# Material provided
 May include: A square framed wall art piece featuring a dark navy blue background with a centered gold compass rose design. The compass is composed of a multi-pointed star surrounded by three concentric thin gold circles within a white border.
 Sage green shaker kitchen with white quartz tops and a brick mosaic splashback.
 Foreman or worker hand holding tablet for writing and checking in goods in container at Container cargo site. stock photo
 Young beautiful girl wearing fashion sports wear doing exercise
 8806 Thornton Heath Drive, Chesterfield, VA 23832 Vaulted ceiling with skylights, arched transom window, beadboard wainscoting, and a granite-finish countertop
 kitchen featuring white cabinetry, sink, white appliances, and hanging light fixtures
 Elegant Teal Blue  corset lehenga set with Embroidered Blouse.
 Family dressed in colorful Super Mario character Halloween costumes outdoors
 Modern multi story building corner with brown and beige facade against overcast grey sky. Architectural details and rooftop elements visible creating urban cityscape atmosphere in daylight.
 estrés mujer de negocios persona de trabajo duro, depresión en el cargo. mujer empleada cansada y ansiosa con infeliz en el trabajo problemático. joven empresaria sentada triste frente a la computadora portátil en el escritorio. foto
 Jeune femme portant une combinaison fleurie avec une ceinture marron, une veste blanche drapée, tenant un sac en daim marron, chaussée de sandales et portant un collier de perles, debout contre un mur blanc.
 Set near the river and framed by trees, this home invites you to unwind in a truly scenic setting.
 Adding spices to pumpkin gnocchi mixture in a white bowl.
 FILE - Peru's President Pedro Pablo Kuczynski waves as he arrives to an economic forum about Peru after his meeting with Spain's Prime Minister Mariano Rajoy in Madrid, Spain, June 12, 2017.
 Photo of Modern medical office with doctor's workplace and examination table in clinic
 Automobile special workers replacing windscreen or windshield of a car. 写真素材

# Task item
Look through the entries above. Copy out every line holding the word "framed".

# Your solution
 May include: A square framed wall art piece featuring a dark navy blue background with a centered gold compass rose design. The compass is composed of a multi-pointed star surrounded by three concentric thin gold circles within a white border.
 Set near the river and framed by trees, this home invites you to unwind in a truly scenic setting.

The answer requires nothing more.